We are fast approaching launch, and in some strange mixing of metaphors, i find myself suffering bouts of vertigo.
Our information architects felt we needed a number of sample searches to help orient new users to RedLightGreen -- give a sense of the breadth of content, the type searches that are supported. Pam Dewey, from Member Services, suggested that we arrange it as different sample paper topics, and she looked up assignments on-line. Once we were able to get the full database to search, Joe Zeeman began vetting the assignments.
We had declined to use Recommind's stop words when indexing the documents. Over half of RLG's Union Catalog are records for items not in English. While the records would be coded for the language of the item, much of the cataloging is in English. Still, even were we to decide that we would use the 008 language fields to catalog the transcribed MARC fields and treat the rest as English, we would still apply English stop words to non-English fields. Not only are uniform titles not necessarily in the language of the item *or* in the cataloging language, but we also have catalog records from libraries that catalog in languages other than English. (For example, the Swiss National Library is now a member and catalogs in three languages.) Since using the Recommind relationship analysis to provide cross language access was a goal, we didn't want to sabotage it by applying stop words across the board.
With these stop words indexed, the Recommind engine gives the same results for a search on "caste in India" as "caste India." The very common articles and prepositions don't take a prominent position in the word vectors that determine relatedness. The same results, though, take an order of magnitude longer to return.
My initial response was to blow that off. Who searches with whole phrases? Well, it seems around half the folks with whom i talked search whole phrases. They know the articles and propositions don't affect the results; they expect them to be stripped away, Google-like, so they type the whole phrase.

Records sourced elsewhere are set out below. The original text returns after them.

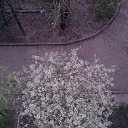 07.04.2013 �� ������� ���� ����������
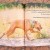 Canines of Character coffee table book | CoC7.jpg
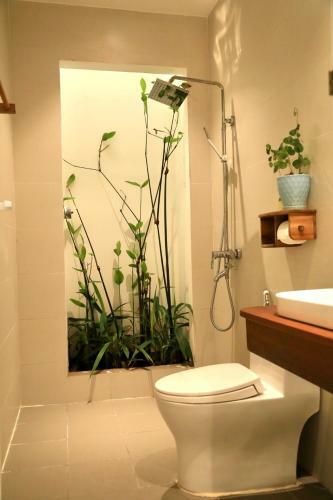 Bed & Breakfast Dream Light Ph� Y�n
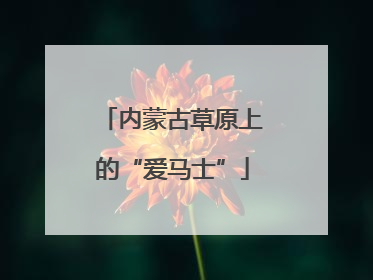 内蒙古草原上的“爱马士”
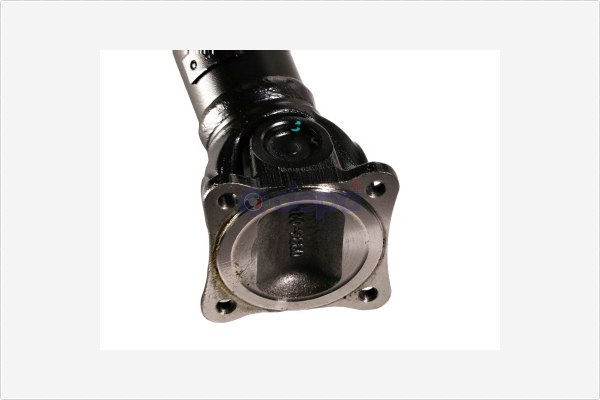 Aandrijfas Depa 4200894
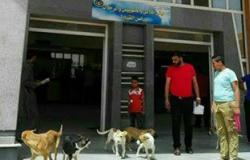 بالصور..كلاب ضالة داخل وحدة مرور برج العرب بالإسكندرية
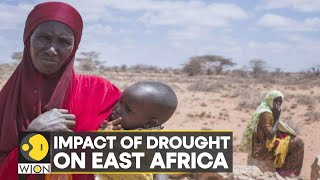WION Climate Tracker | 20 million people on brink of starvation across East Africa screenshot 5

I run to the opposite extreme. I'll often just use "francisco" with other terms when trying to find San Francisco related results. After hall conferences, a quick call to Recommind indicated we could turn on the stop words now, leaving the words indexed in the system. Enough RLG staff seemed to expect the words to be stripped out, and the delay in the search did seem significant. "Go ahead," i said, "and we'll review the stop word list later."

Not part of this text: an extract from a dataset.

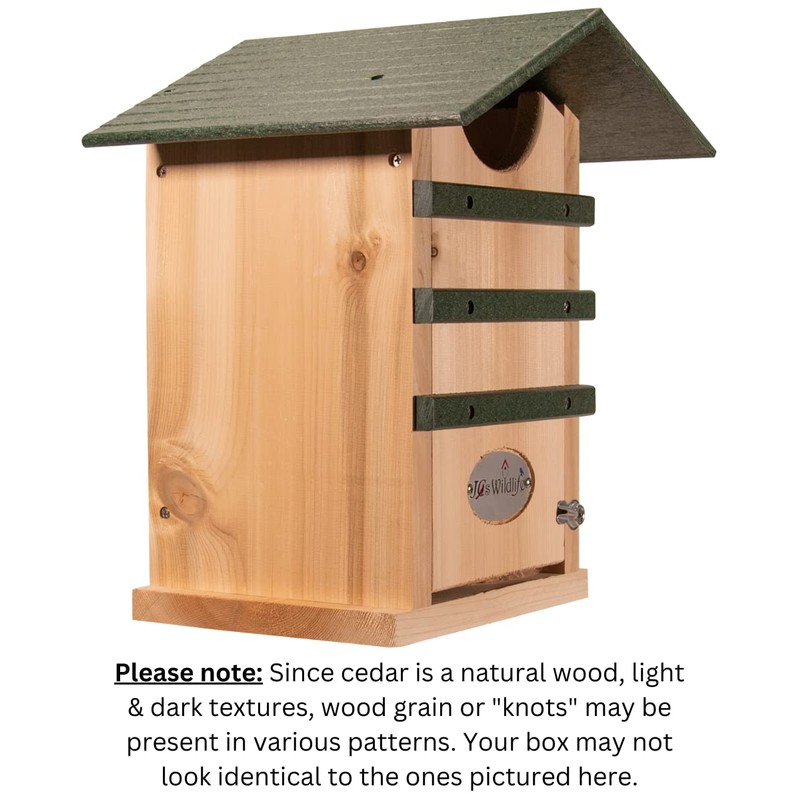 JCS Wildlife Screech Owl & Saw-Whet Owl House – Cedar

The stop word list was extensive. Recommind's large legal clientele seems obvious when noting the stop words of "accordingly," "consequently," "furthermore," "howbeit," and especially "thereafter," "thereby," "therefore," "therein," "thereof," "thereto," and "thereupon." The amount of correspondence indexed reveals itself in excluding a number of salutations.
"Death Becomes Her" became a search for "death" with this stop word list. I rapidly revised down the 576 stop words to 58. Twenty-five of those were the letters of the alphabet except for X. "Generation X" is, apparently, a well used subject heading.
We've got the shorter stop word list in place now; i hope no one expects to find the results of "Who, What, Where, and Why In Having A Will."
Constant review of the duration of searches and the frequency certain words are used is going to be required for us to tune that short list. We’ll likely implement the stop word list at the application layer, so that we can allow a user to require a stop word as well.